Ddl Zan, sinistra in pezzi. Renzi accusa Letta: «È il suo “no” ideologico a bloccare la legge»

21 Lug 2021 13:51 - di Giacomo Fabi
Renzi

Di ora in ora si fa sempre più netta che sul ddl Zan il Pd sia prossimo a finire come i pifferi di montagna: partiti per suonare, vennero suonati. Dovesse realmente accadere, i suoi militanti, iscritti ed elettori saprebbero chi ringraziare (si fa per dire): Enrico Letta, il loro segretario. E che quella sia la strada imboccata lo dimostra lo zelo con cui Matteo Renzi lo va additando come il vero responsabile dell’affossamento della legge sulla omotransobia. L’ultima proprio in queste ore dopo aver firmato i referendum radical-leghisti sulla giustizia.

Renzi ha firmato i referendum sulla giustizia

«Sul ddl Zan – ricorda infatti Renzi – la Lega ha dato la disponibilità a chiudere, tutta da verificare, sia chiaro, se si cambiano gli articoli su identità di genere, libertà di opinione e scuola. Dire di no a questa proposta – aggiunge – è ideologia che mette in difficoltà gli omosessuali, i transessuali e i disabili. Io un accordo così lo chiuderei domani mattina». Del resto, Renzi è lo stesso che da premier si accordò con il Ncd di Angelino Alfano e con Ala di Denis Verdini per portare a casa la legge sulle unioni gay. Oggi, invece il ddl Zan è  «a un passo dal traguardo», ma non riesce a tagliarlo. «In questo momento – accusa – chi non vuole la legge è il Pd, che sta rinviando una decisione che è possibile con la riformulazione del testo».
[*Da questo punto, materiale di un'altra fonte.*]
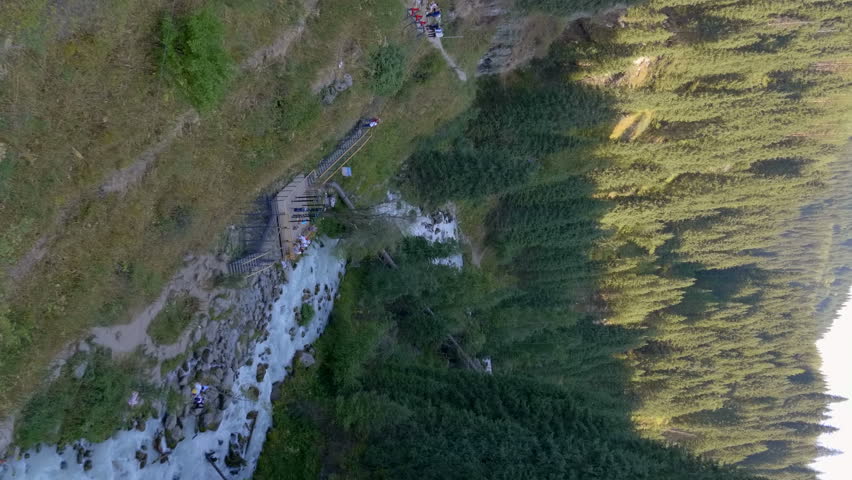 A turbulent stream of a Himalayan mountain river flows along rocky banks dotted with spruce, pine and shrubs, Vertical video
“Sì” di Iv all’emendamento sull’identità di genere

Un’opportuna sottolineatura, alla luce dell’emendamento presentato da Italia Viva insieme al gruppo delle Autonomie per cancellare dall‘articolo 1 il criterio dell’identità di genere. «Andiamo così incontro alle richieste delle femministe di sinistra di Arcilesbica e di Se non ora quando e non solo del mondo del centrodestra e dei cattolici». L’occasione del ddl Zan è per Renzi l’occasione buona per sfilarsi qualche sassolino dalle scarpe. S’incarica proprio lui, che il Senato voleva abolirlo, di ricordare «sommessamente» che  «in Italia vige ancora il bicameralismo paritario». Una piccola rivincita sul suo ex-partito che non lo seguì come si aspettava nel referendum confermativo della sua riforma costituzionale.